What needs to be done: Start the copy at the line holding "L'establiment comercial a" and continue it exactly through the last line of the entries, leaving out pictures and anything else.
=====
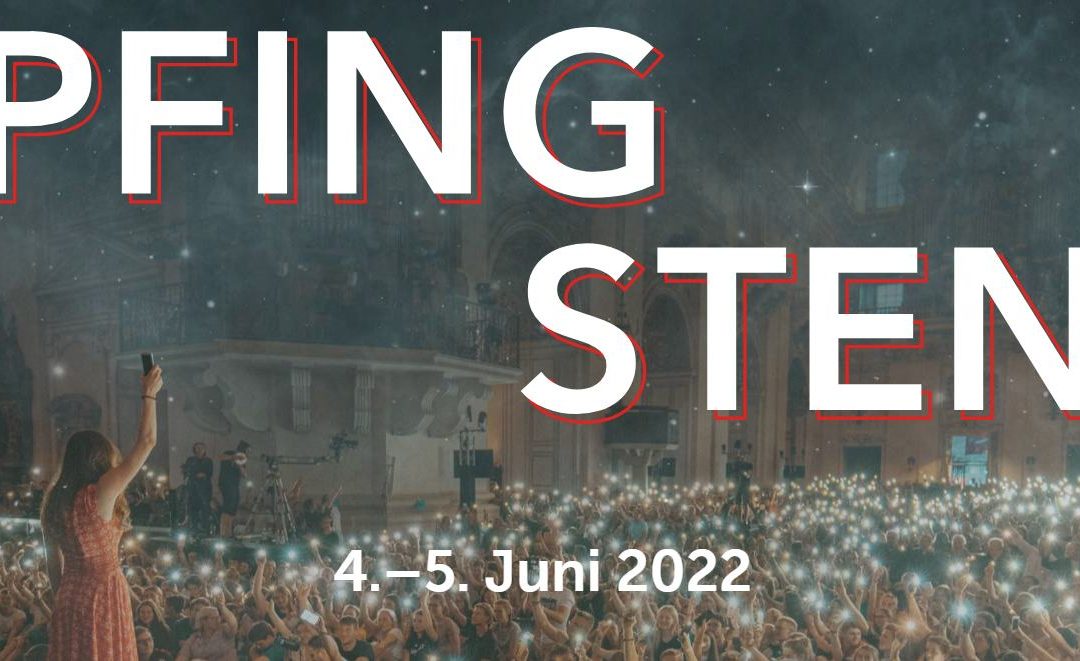 Pfingstfest der Jugend 2022 – Brixen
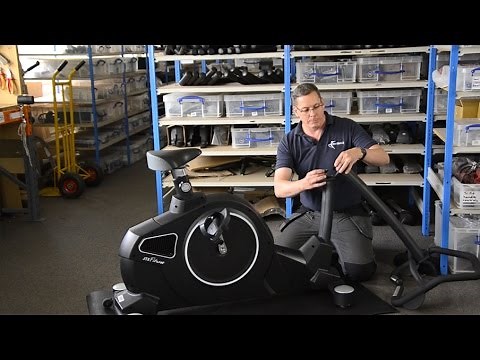 How To Assemble An Exercise Bike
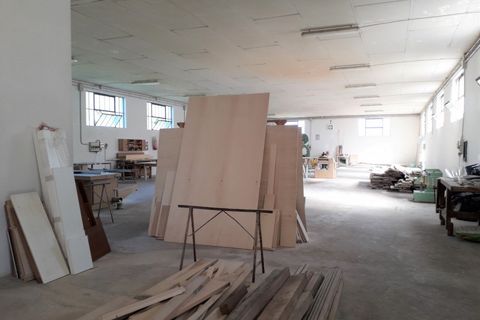 L'establiment comercial a Trecenta, Rovigo, Trecenta - € 75.000 | Ref: TC 37 - foto 2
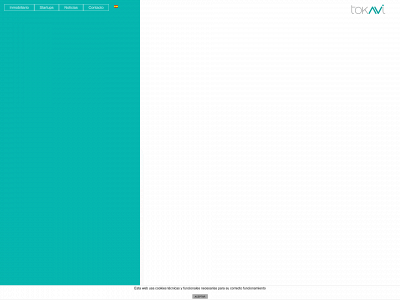 tokavi.com snapshot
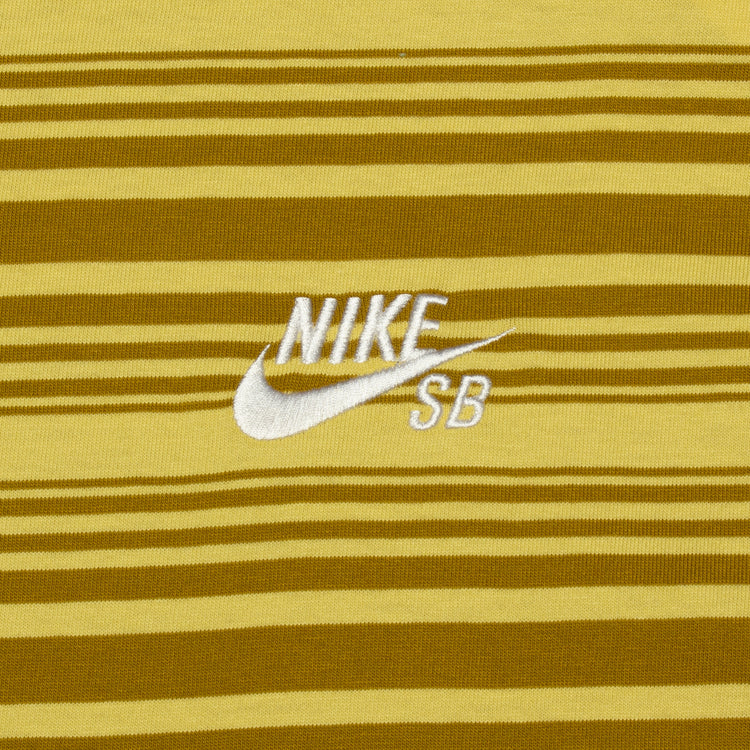 Nike SB | Max90 Striped T-Shirt Bronzine FQ3711-716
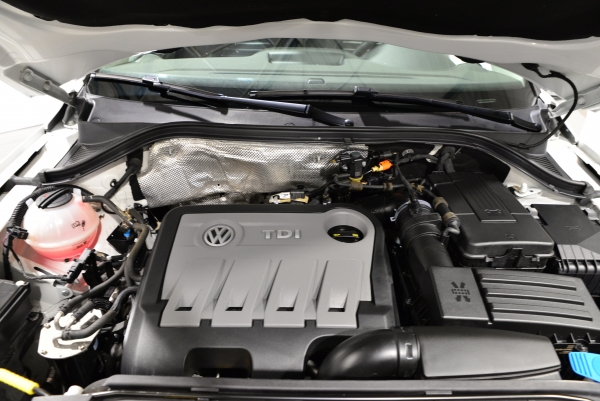  Volkswagen TIGUAN TDI 140 4 MOTION CUP 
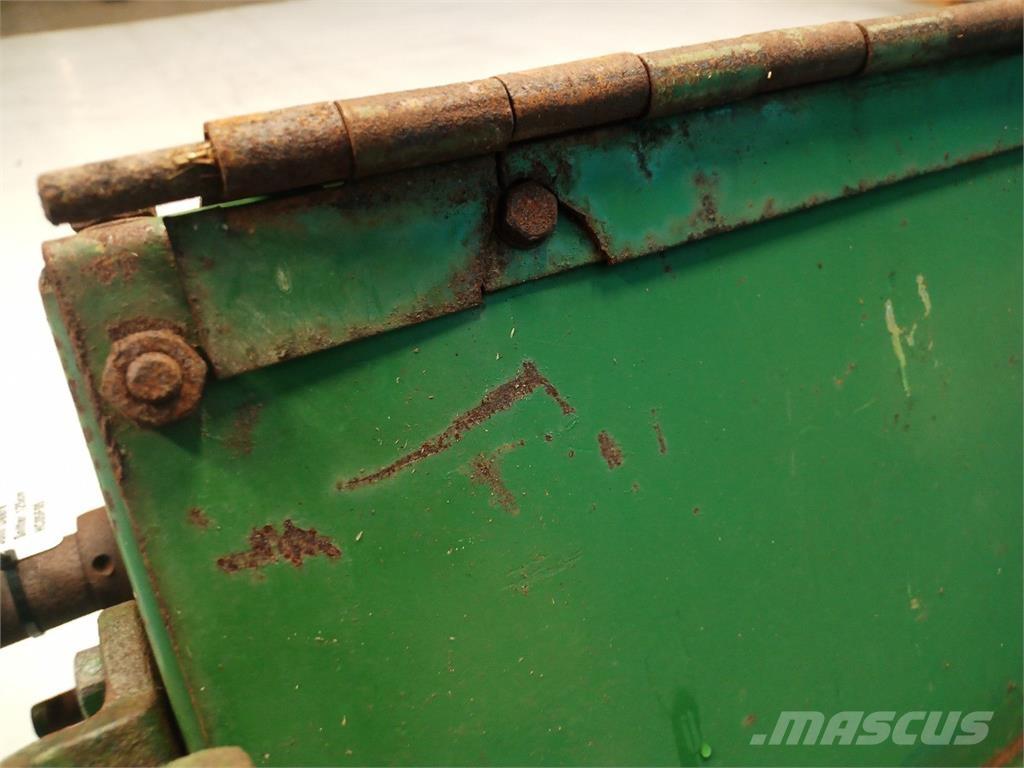 John Deere 1075 コンバインハーベスターアクセサリー・アタッチメント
=====
Task solution:
 L'establiment comercial a Trecenta, Rovigo, Trecenta - € 75.000 | Ref: TC 37 - foto 2
 tokavi.com snapshot
 Nike SB | Max90 Striped T-Shirt Bronzine FQ3711-716
  Volkswagen TIGUAN TDI 140 4 MOTION CUP 
 John Deere 1075 コンバインハーベスターアクセサリー・アタッチメント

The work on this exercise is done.